Well God Damn

Oct 13, 2006 03:51

Why is it that I can never have a good day? One that starts off that way always ends badly... So I pretty much just give up. From now on I go to work, go to class, come home and maybe eat dinner, do my homework, and go to bed. Minimal contact is best I think. There's no conflict that way. I thought living with guys would make my life drama free and I was sooooooooo wrong! I can't deal with this shit right now. There's too much else going on in my life and I don't need it nor can I handle it. So yeah, this is my pretty much screw the world post. I have to resign myself to the fact that I can't make everyone happy because it makes me miserable which pisses others off if I'm miserable.

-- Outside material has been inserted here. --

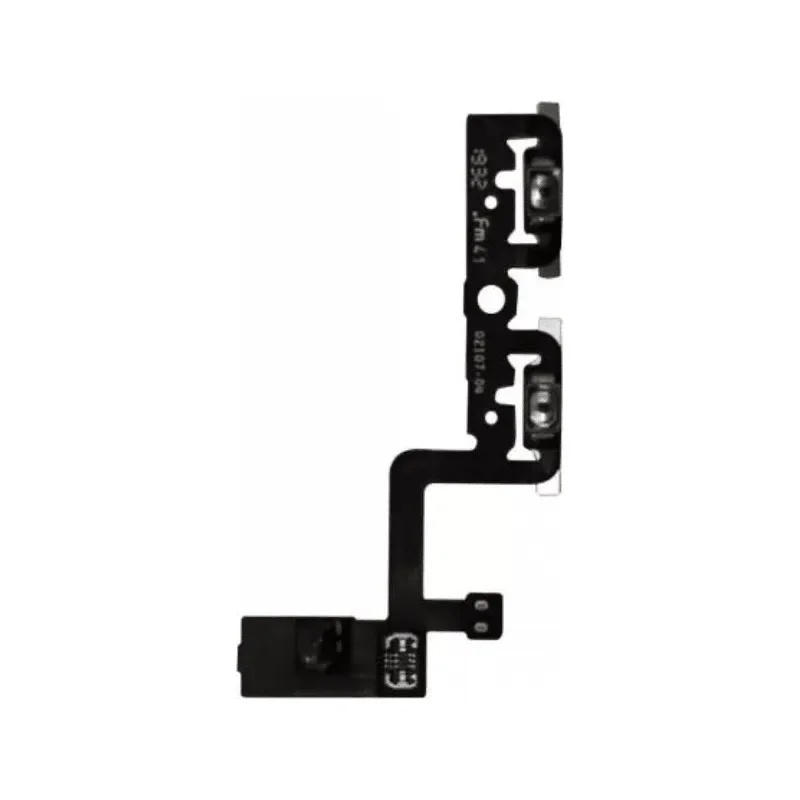 Apple iPhone 11 Volume Button ( Up And Down) view 1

I really don't know what I'm saying. I'm just so frustrated and upset right now at everyone and everything. I got a raise at work today and was super happy about it and then I went to a baby shower for a coworker and saw some old friends, and that was great. Then I come home to this shit and end up in the middle of it when I didn't intend to be. Because that's what I am, I'm the listener. I'll smile and nod with a few comments here or there. It's a very unfulfilling life, but what can I do. My boss and I had a chat today and I told him I was handling my stress better, but am I really? I don't feel it right now.

And really, what's the point? It's all he said/she said. It pisses people off at each other for no reason because no one can prove anything, right? And it's obvious who's going to take who's side and I'm pretty much out cold. But whatever. Getting out of here this weekend is a good idea, a great idea, before I kill someone, and I think you know who that would be.